§ EXERCISE DESCRIPTION:
Set down all of the records below exactly, please, omitting the images.

§ INFORMATION:
####
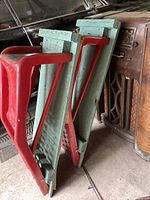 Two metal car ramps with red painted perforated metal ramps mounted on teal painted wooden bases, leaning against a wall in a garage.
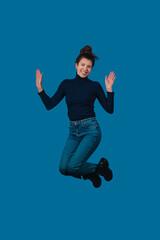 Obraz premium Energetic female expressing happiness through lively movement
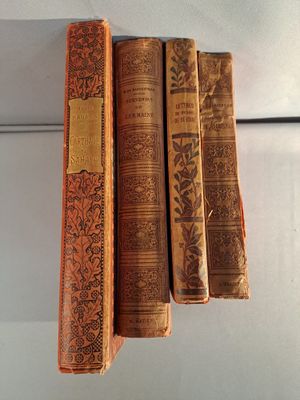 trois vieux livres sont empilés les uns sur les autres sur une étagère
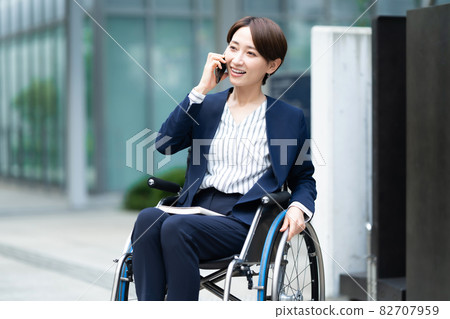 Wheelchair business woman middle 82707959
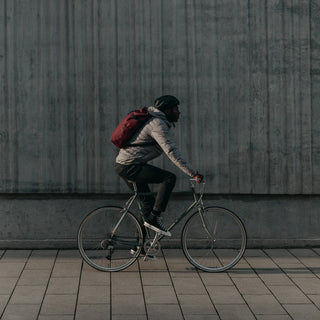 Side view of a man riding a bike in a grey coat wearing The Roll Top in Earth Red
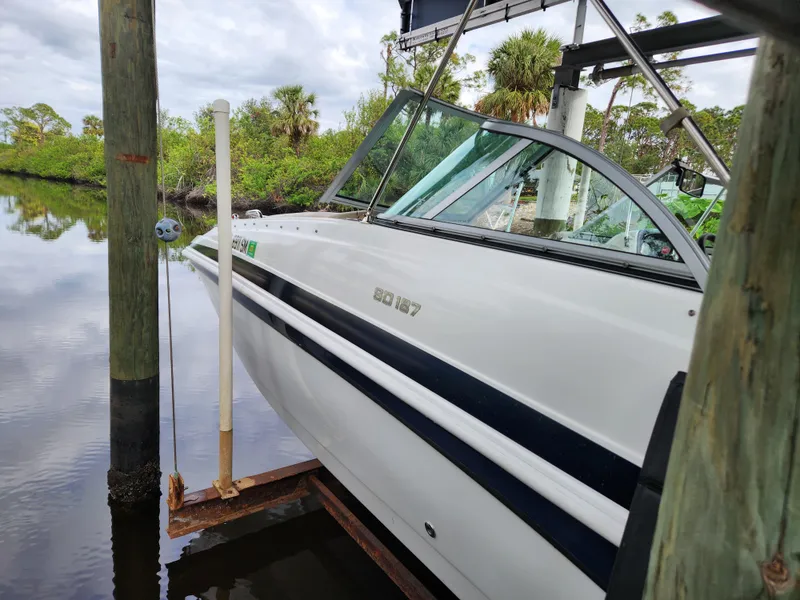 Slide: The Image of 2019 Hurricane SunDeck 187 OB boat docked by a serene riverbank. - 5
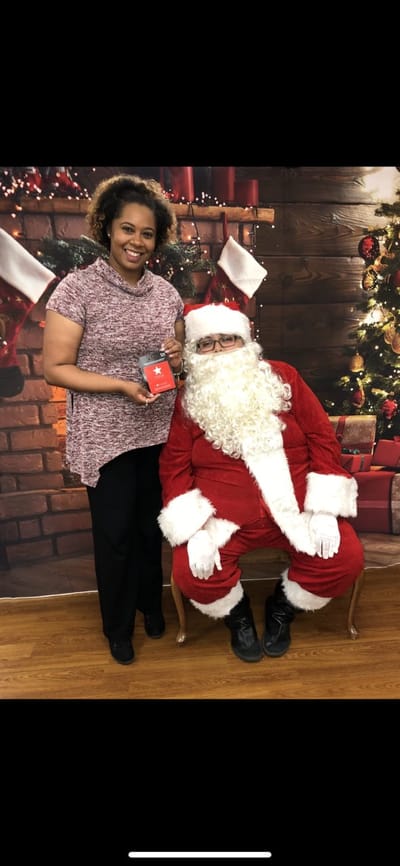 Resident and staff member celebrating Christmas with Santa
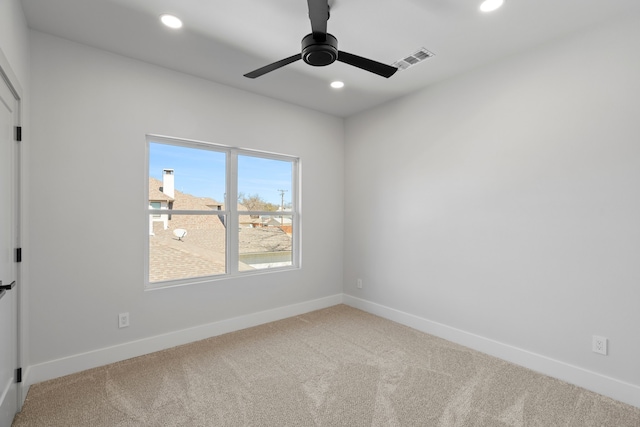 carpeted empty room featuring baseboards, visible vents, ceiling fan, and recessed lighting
####
§ TASK RESULT:
 Two metal car ramps with red painted perforated metal ramps mounted on teal painted wooden bases, leaning against a wall in a garage.
 Obraz premium Energetic female expressing happiness through lively movement
 trois vieux livres sont empilés les uns sur les autres sur une étagère
 Wheelchair business woman middle 82707959
 Side view of a man riding a bike in a grey coat wearing The Roll Top in Earth Red
 Slide: The Image of 2019 Hurricane SunDeck 187 OB boat docked by a serene riverbank. - 5
 Resident and staff member celebrating Christmas with Santa
 carpeted empty room featuring baseboards, visible vents, ceiling fan, and recessed lighting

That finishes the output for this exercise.